The best of both worlds: Leave it to grilling pioneer Weber to bridge the gap between idiosyncratic natural lump charcoal and more predictable briquettes. Introducing Weber’s 17950 Natural Hardwood Briquettes. Made of 100 percent natural hardwoods, a chimney full of these babies will furnish consistent heat for up to 3 hours. Try a bag, and let me know what you think.
Expand your grilling horizons: The Spanish call it la plancha. Argentinians call it la champa. We call it the best way there is to cook Spanish-style seafood and veggies over a wood, charcoal, or even gas fire. The Steven Raichlen Best of Barbecue cast iron plancha gives foods a crusty, smoky sear while keeping them succulent on the inside. The plancha is excellent for delicate fish, shrimp, vegetables—anything that tends to break apart, fall through the rungs on the grill grate, or dry out on the grill. Raised side handles for easy moving on and off the grill.

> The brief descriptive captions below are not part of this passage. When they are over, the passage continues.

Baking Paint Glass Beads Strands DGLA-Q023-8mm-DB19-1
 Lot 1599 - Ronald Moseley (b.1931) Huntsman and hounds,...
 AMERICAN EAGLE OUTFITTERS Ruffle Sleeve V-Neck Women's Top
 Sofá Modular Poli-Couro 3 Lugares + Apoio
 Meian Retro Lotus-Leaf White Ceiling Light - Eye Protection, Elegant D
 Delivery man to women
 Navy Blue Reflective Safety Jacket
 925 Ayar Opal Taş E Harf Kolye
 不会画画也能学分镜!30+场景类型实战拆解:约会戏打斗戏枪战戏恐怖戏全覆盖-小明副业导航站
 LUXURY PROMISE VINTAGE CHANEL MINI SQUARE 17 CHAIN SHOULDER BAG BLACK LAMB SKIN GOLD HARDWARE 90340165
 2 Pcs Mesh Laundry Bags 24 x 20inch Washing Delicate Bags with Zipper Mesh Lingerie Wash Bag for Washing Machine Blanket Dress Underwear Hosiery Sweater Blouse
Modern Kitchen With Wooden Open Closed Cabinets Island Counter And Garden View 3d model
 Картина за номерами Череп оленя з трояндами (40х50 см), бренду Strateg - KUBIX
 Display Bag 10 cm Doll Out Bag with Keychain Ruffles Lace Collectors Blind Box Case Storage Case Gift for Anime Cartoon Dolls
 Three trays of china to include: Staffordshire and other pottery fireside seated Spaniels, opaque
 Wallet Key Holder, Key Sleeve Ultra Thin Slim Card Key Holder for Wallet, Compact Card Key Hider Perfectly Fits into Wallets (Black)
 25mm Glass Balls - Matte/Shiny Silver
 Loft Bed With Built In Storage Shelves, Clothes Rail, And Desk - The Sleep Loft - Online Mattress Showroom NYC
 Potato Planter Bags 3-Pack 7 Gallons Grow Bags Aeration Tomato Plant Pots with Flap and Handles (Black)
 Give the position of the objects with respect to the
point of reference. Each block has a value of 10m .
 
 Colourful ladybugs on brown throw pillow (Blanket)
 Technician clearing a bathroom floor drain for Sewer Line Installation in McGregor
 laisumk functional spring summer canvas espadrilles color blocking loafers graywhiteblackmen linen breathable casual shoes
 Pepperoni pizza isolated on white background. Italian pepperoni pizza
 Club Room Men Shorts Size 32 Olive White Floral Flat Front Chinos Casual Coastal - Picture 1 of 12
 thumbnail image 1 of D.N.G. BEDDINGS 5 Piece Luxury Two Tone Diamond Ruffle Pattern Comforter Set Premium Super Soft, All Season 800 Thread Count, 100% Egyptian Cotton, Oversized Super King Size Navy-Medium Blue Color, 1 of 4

Trending…: Looking for something different to do with pork shoulder? One of my most popular recipes on Season 3 of Project Smoke was Korean Pulled Pork with KB Sauce. It was published this past year in Sauces, Rubs, and Marinades (see below). But there’s one ingredient you likely won’t find at your local Piggly Wiggly—gochujang. It’s a super-flavorful Korean chile paste that I predict will be the next sriracha. Find it in my online store.
A must-have barbecue reference: Completely updated and revised, Sauces, Rubs, and Marinades is a virtual encyclopedia of chile-fired rubs, lemony marinades, buttery bastes, pack-a-wallop sauces, plus mops, slathers, sambals, and chutneys belongs in the library of any serious grill jockey. It’s a cornucopia of all the latest flavor trends, drawing from irresistible Thai, Mexican, Indian, Cajun, Jamaican, Italian, and French cuisines, as well as those building blocks from America’s own barbecue belt. Contains over 200 recipes and inspired suggestions for use.
No grill? No problem: Introduced by Charcoal Companion just before the holidays, the KitchenQue stovetop smoker for indoor use is a godsend for people who crave the flavor of real wood smoke but do not have access to a smoker or grill. It is large enough to smoke a whole chicken, fish, brisket flat, prime rib, shellfish, and much, more. Attains temperatures of 400 degrees, meaning poultry will turn out with crisp skin. Works on electric, gas, or induction-type burners. Uses fine sawdust for smoking, which can be easily replenished during a cook.
Keep it clean! Viewers of Project Smoke frequently ask how we keep the grills and smokers used on the set so pristine-looking. My fire wranglers use a lot of elbow grease, to be sure. But two products give them a major assist. The first is environmentally-friendly Safecid, an effective grill cleaner and degreaser I use at home. The second is an inexpensive brick of pumice stone that restores stainless steel grill grates to like-new condition.